First: Sand it down with some 220 grit sand paper. You do not have to get all the paint off, just make it smooth and make sure their are no runs flat spots. (try to get a sanding block, useing ur hands to sand makes grooves.)

Second: Use some 800 grit and sand over the part you just sanded. Just to even out the scuff marks.

Third: Get a can of filler primer. This really helps on bad spots in your part. Then spray 2-3 coats depending on the shape of the tail.
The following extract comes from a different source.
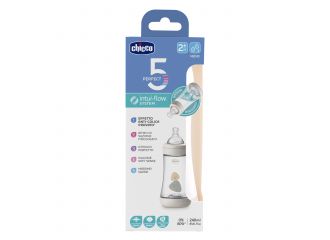 Chicco biberon perfect 5 unisex 240 ml in silicone 2 fori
Fourth: Sand the primer down swith some 1000 grit sand paper. Filler primer is rough and textured so it will take some time.

Fifth: Get a can of sealer. Preferably the color your painting the bike. This is very smooth substance and lays out flat.

Sixth: Sand the Sealer with 1500 Grit sandpaper.

Seventh: Spray your base coat (color), ide say 3 coats. The first coat needs to be pretty rough. Should make it look speckeled. Then the 2nd and 3rd coat should be heavier.

Eighth: Sand your base coat with 1500 grit and make sure u dont have any runs. Please make sure u dont get to the sealer because it makes for a ****ty look. This is the reason u get the same color sealer. So if u do it doesnt look like u have a white spot in your paint.

Ninth: Spray a Clear Coat. You said gloss but its called clear coat. I sprayed 5 coats on mine but I did a professional job and also have 3 coats of pearl in mine. You pick. 3-6 coats.

Tenth: Sand your clear coat with 1500 grit and then buff with some turtle wax or something.... Make sure u dont sand to the base coat!!!

Let me know if u have any questions.
damn good write up. Just want to add a couple of things if that is ok. before going to step 3, rinse off the tail (that just sounds bad). you want to make sure you got everything. you can just stick it in the sink or tub or outside with a hose and rinse it off. You can either use soap or just water. I would recommend soap and just clean the whole thing off, even the parts you may not be painting.
Also, be sure you get primer that is made for plastic. easy to find. either at automotive paint section or get the stuff from home depot, lowes, walmart, etc. its all the same, it just cheaper outside of the automotive section. And dont listen to anyone if they say this wont work because of the heat. This stuff holds up on outdoor furniture and for parts under the hood of a car.
also, after sanding the clear coat and before the wax, throw some polish on it. it will improve the look of the sanded clear coat and will stand out once the wax is applied.
It would be a good idea to wash, polish and wax the entire bike to help with the paint matching. Depending on how old your bike is, some of the rest of the body could have faded and the tail will stick out like a sore thumb.
Above all, ask as many questions as needed. We are always here to help.